Making beautiful plots in Python (plus a shameless book plug!)

written in python, ggplot2

When I transitioned over to working primarily in Python from R, one of the things that I missed was ggplot2. For me, the plots in ggplot2 look so much nicer and the syntax is more intuitive compared to matplotlib. Happily, last year I discovered that Hassan Kibirige has made a comprehensive port of ggplot2 to Python called plotnine. Although Hassan is still developing the package, I’ve found that the port is fairly complete and there is not much I’m unable to do in plotnine that I could do in the original ggplot2.

In fact, the port is so good that Mauricio and I have written a technical book about how to get the most out of plotnine. This book is an adaptation of our popular The Hitchhiker’s Guide to Ggplot2, but written entirely in Python using the plotnine package, and it’s (very originally) called The Hitchhiker’s Guide to Plotnine. Like in the original ggplot2 book, we’ve written chapters on a wide range of graphs, from line and bar graphs, scatterplots and boxplots, through to histograms, linear regression graphs and LOWESS plots. Using plotnine, we have been able to recreate graphs that are very true to the original ggplot2 style and degree of customisation.

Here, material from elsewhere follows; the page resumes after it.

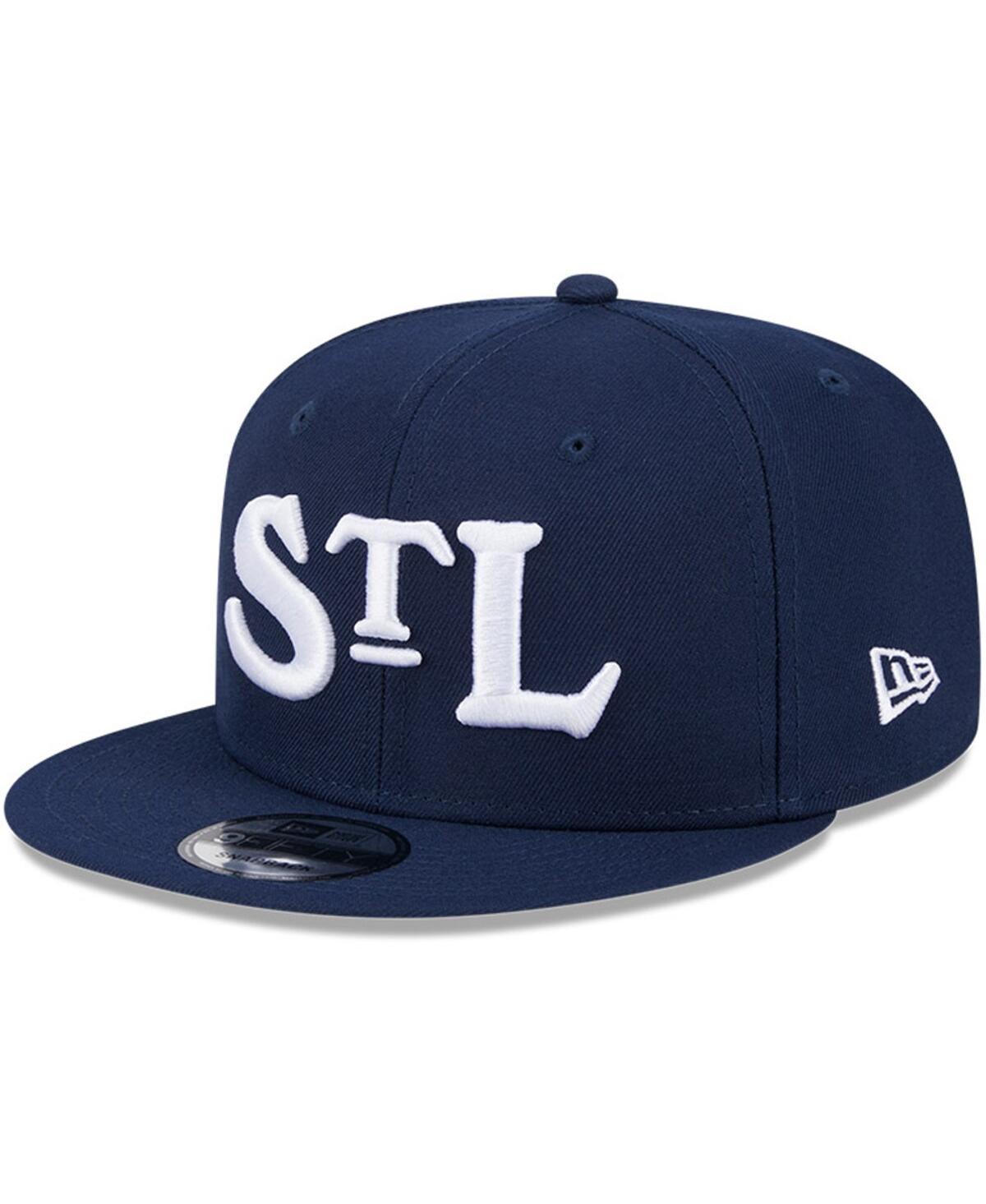 New Era Mens Navy St. Louis Cardinals 2024 Rickwood Classic 9FIFTY Snapback Hat Product Image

For example, you can create charts like the density plot below, with customisation on the fonts, fill, background layout and legend.

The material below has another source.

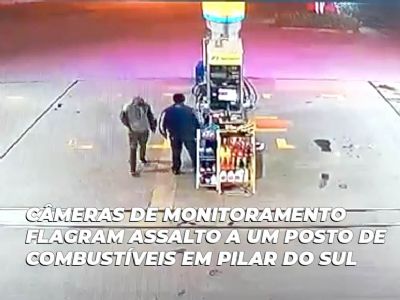 Ladro  preso aps assaltar posto de combustveis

You can also use plotnine to recreate the styles of other publications. For example, this weighted scatterplot was created in the style of fivethirtyeight.

We’ve been able to recreate the XKCD style plots we made for our previous book, entirely in plotnine.

plotnine also allows you to go beyond simpler plots like bar and scatterplots, and create more advanced statistical visualisations. In the plot below, you can see we’ve combined the capabilities of the scipy package with plotnine to chart some probability density functions.

The package also includes the useful faceting functions that are used in ggplot2, so you can create subplots like the one below.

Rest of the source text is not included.